**WORK REQUEST**: What you return must match the records below character for character, except that no picture appears.
───── RECORDS TO PROCESS ─────
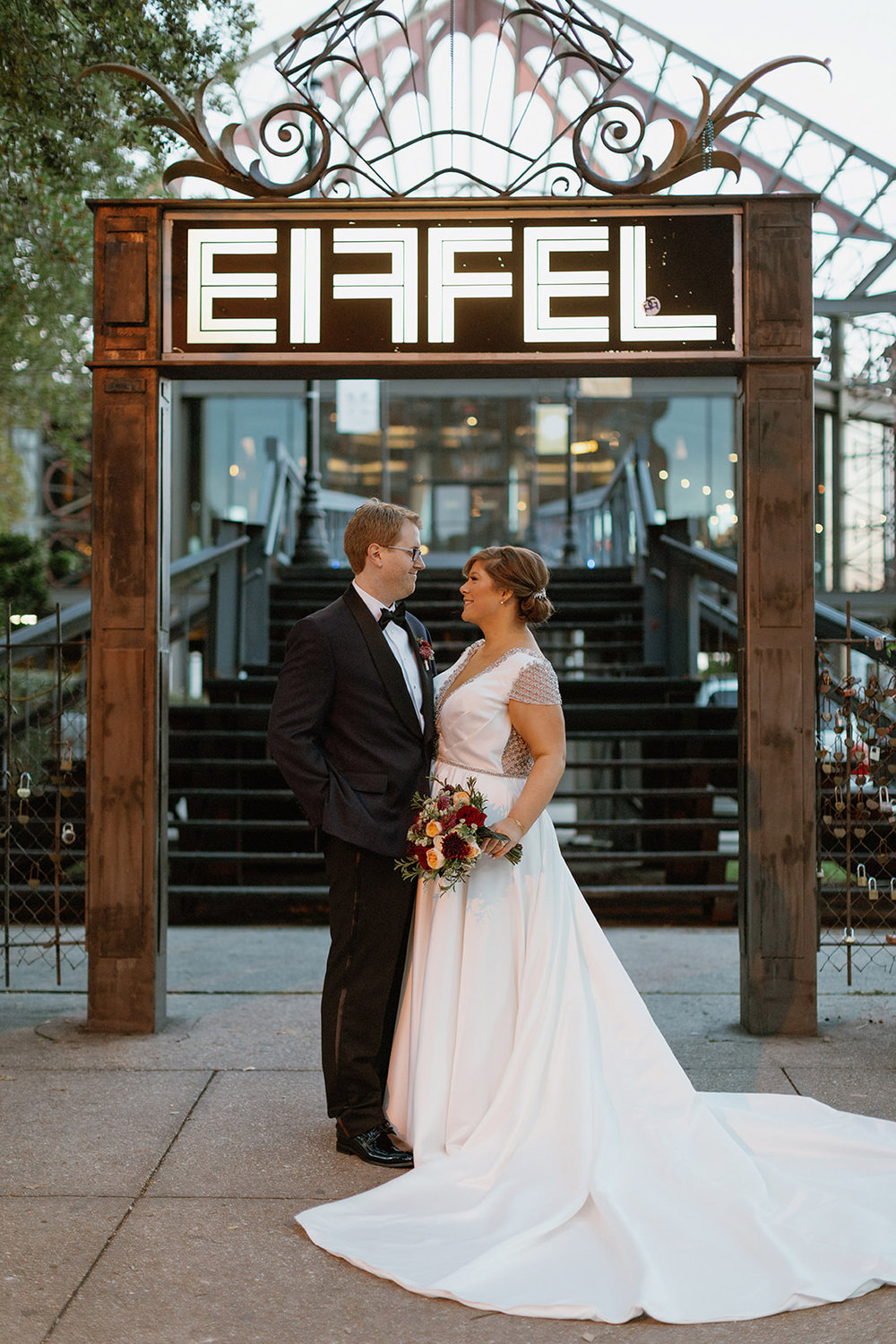 Caitlyn Dougherty _ Cary Spell Wedding-380.jpg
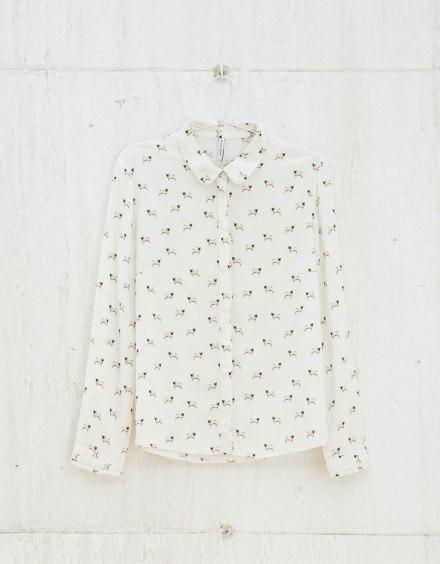 TENDENCIA CAMISAS ESTAMPADAS 0815712712_2_6_3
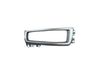 Gear shifter surround trim plastic 9189064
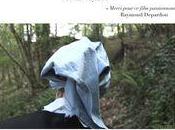 temps quelques jours, Nicolas Gayraud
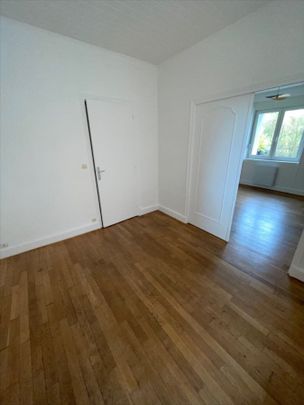 Appartement 2 pièces à Herserange - Photo 1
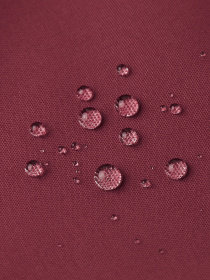 Комбінезон з утеплювачем REIMA модель 520229_3950 Фото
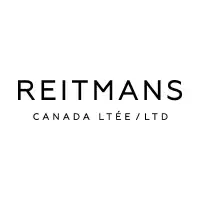 Reitmans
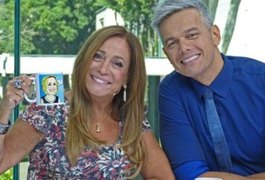 Programa ‘Vídeo Show’ sairá do ar em agosto; entenda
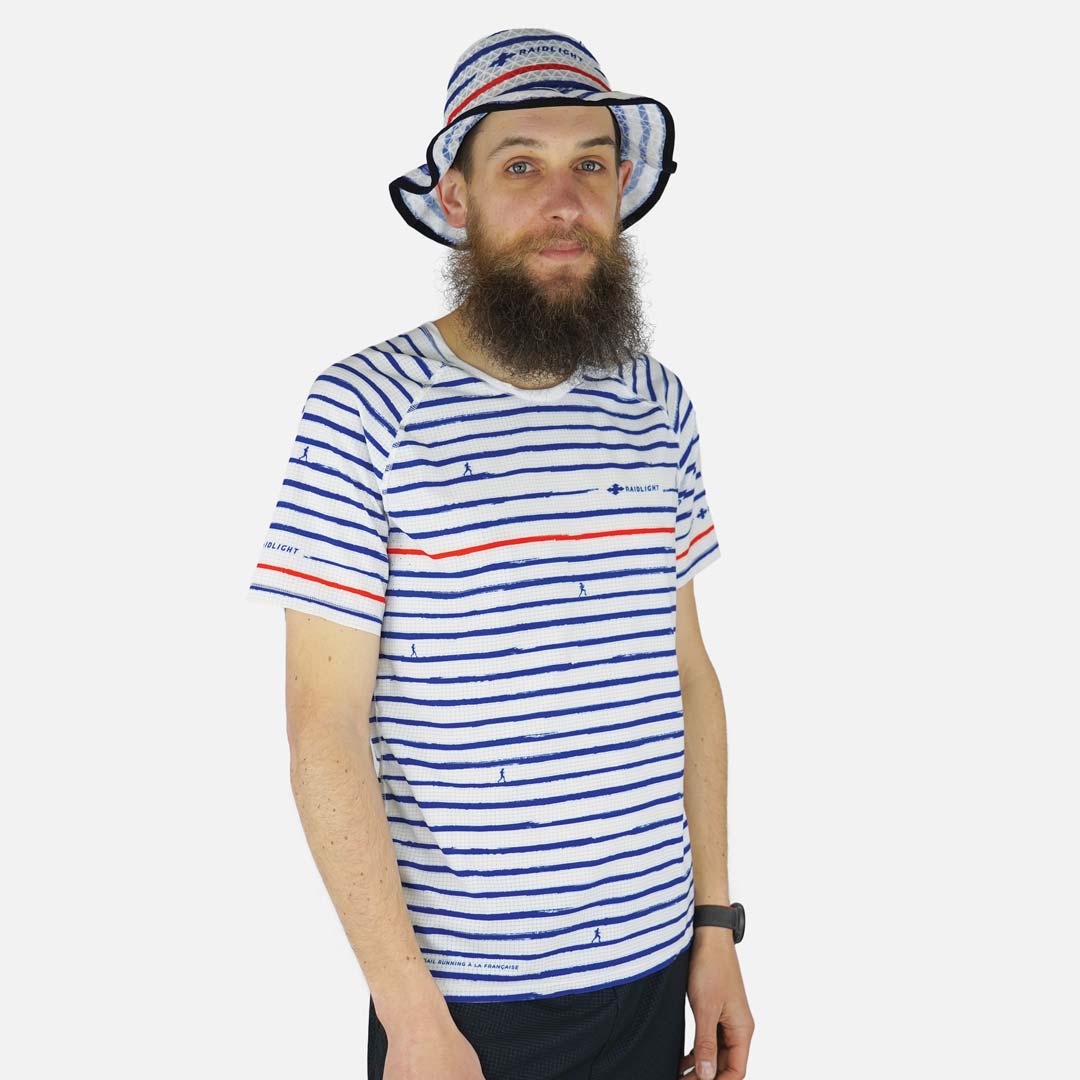 ECODRY MARINIÈRE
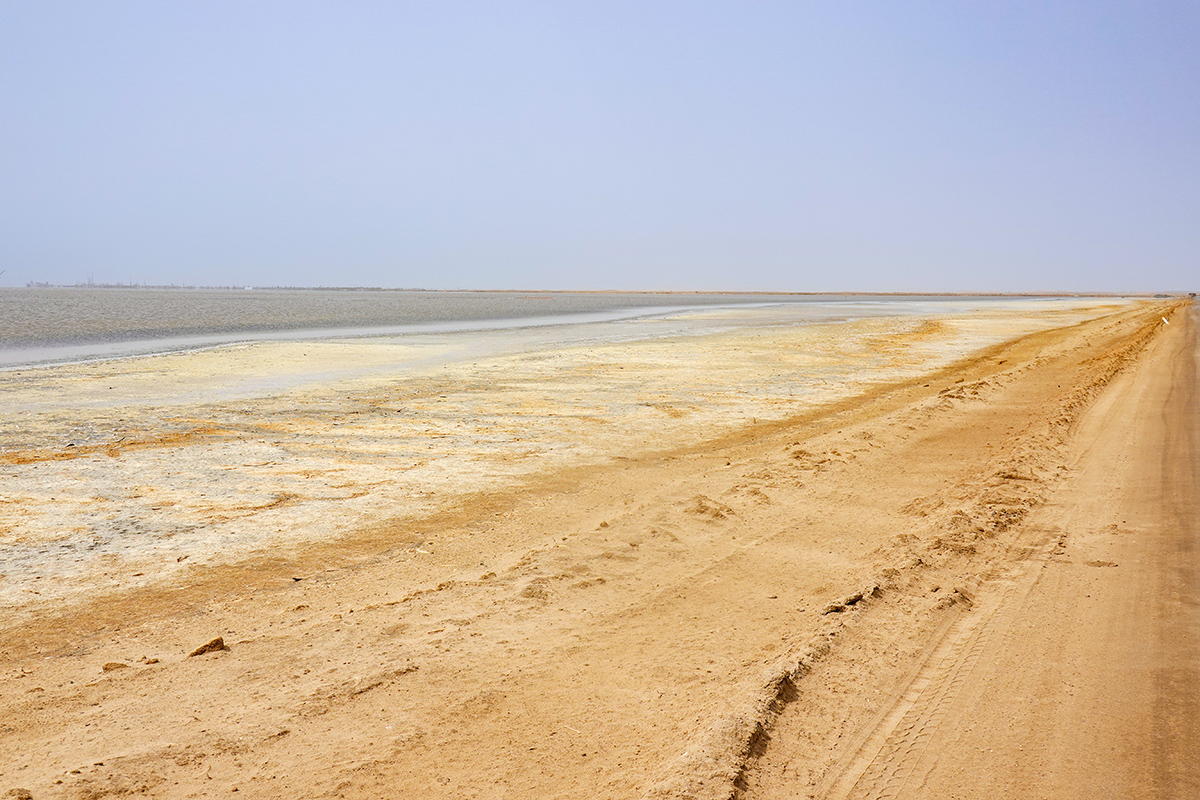 2025-09-21 38 Walvis Bay Salt Lagoon.jpg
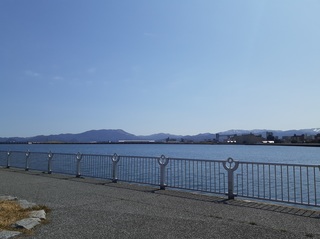 20200417_100141.jpg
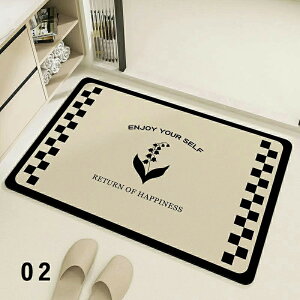 ]y oX}bg \tg _炩 􂦂 z  ]y}bg Ȃ 炩 R hJr ~ C}bg @}bg z}bgg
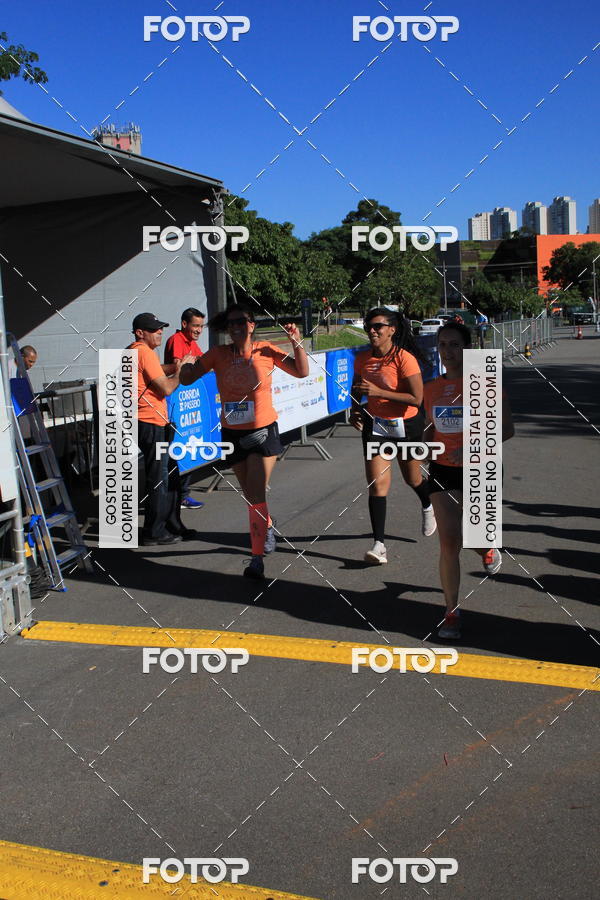Buy your photos of the eventCircuito Rios e Ruas Caixa - Etapa Parque Villa Lobos on Fotop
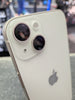Apple iPhone 14 Mobile Phone 128gb 94% B/h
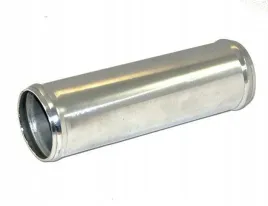 rura-76mm-lacznik-aluminiowy-zlacze-dolot-dl-20cm
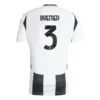 Bremer-Juventus-2024-25-Home-Jersey.webp
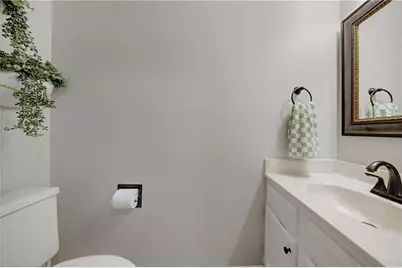 110 Courtyard Terrace, Roswell, GA 30075 - Photo 23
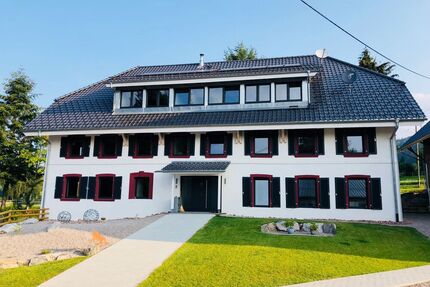 EG-Wohnung - 886,00&nbsp;EUR Kaltmiete, ca.&nbsp; 65,00&nbsp;m&sup2;&nbsp;Wohnfl&auml;che in Schopfheim (PLZ: 79650)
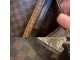 Louis Vuitton damier torbica slika 3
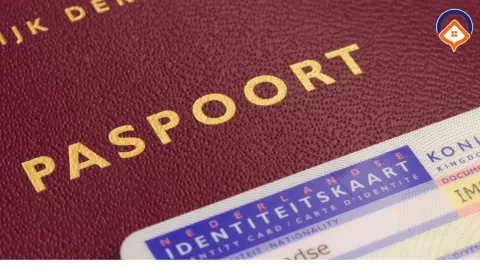 Guia Completo para Alugar Imóvel na Holanda em 2025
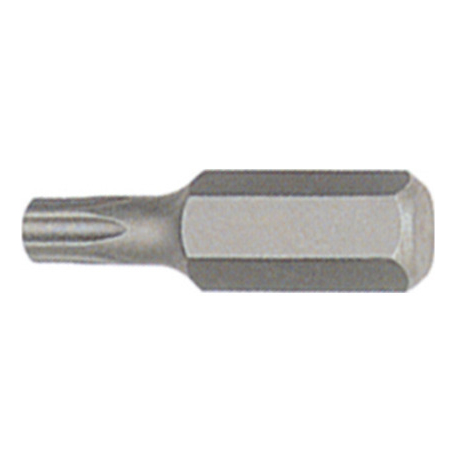 B02T55 Бита 5/16" torx T55 30 мм 2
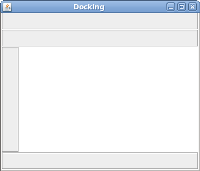 Docking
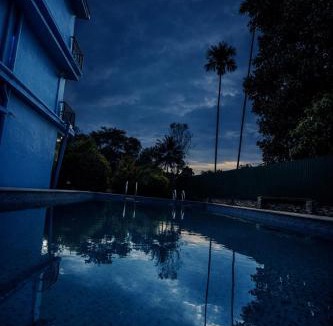 Vythiri Apartment | Rivera Holiday Home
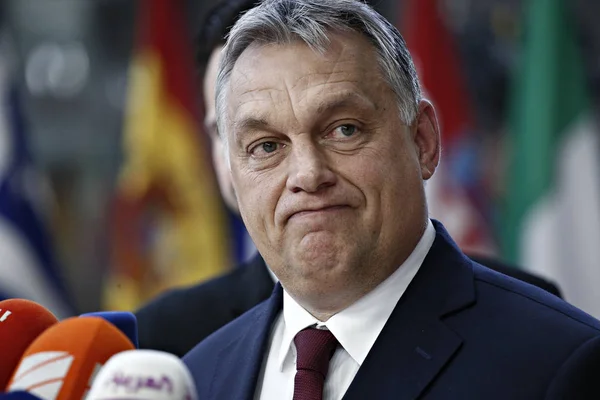 Orban et le modèle médiatique du pouvoir : comment le contrôle de l’information influencera les élections de 2026 / depositphotos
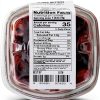 Kalamata Olives Fresh Pack Snack 5.3oz Gourmet-1
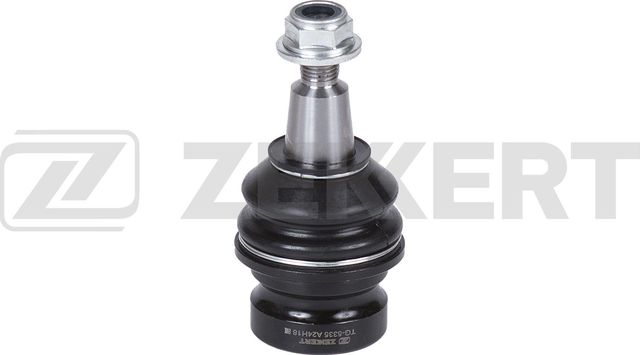 Шаровая опора Zekkert. Артикул TG-5335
─────
**RESULT OF THE TASK**:
 Caitlyn Dougherty _ Cary Spell Wedding-380.jpg
 TENDENCIA CAMISAS ESTAMPADAS 0815712712_2_6_3
 Gear shifter surround trim plastic 9189064
 temps quelques jours, Nicolas Gayraud
 Appartement 2 pièces à Herserange - Photo 1
 Комбінезон з утеплювачем REIMA модель 520229_3950 Фото
 Reitmans
 Programa ‘Vídeo Show’ sairá do ar em agosto; entenda
 ECODRY MARINIÈRE
 2025-09-21 38 Walvis Bay Salt Lagoon.jpg
 20200417_100141.jpg
 ]y oX}bg \tg _炩 􂦂 z  ]y}bg Ȃ 炩 R hJr ~ C}bg @}bg z}bgg
Buy your photos of the eventCircuito Rios e Ruas Caixa - Etapa Parque Villa Lobos on Fotop
Apple iPhone 14 Mobile Phone 128gb 94% B/h
 rura-76mm-lacznik-aluminiowy-zlacze-dolot-dl-20cm
 Bremer-Juventus-2024-25-Home-Jersey.webp
 110 Courtyard Terrace, Roswell, GA 30075 - Photo 23
 EG-Wohnung - 886,00&nbsp;EUR Kaltmiete, ca.&nbsp; 65,00&nbsp;m&sup2;&nbsp;Wohnfl&auml;che in Schopfheim (PLZ: 79650)
 Louis Vuitton damier torbica slika 3
 Guia Completo para Alugar Imóvel na Holanda em 2025
 B02T55 Бита 5/16" torx T55 30 мм 2
 Docking
 Vythiri Apartment | Rivera Holiday Home
 Orban et le modèle médiatique du pouvoir : comment le contrôle de l’information influencera les élections de 2026 / depositphotos
 Kalamata Olives Fresh Pack Snack 5.3oz Gourmet-1
 Шаровая опора Zekkert. Артикул TG-5335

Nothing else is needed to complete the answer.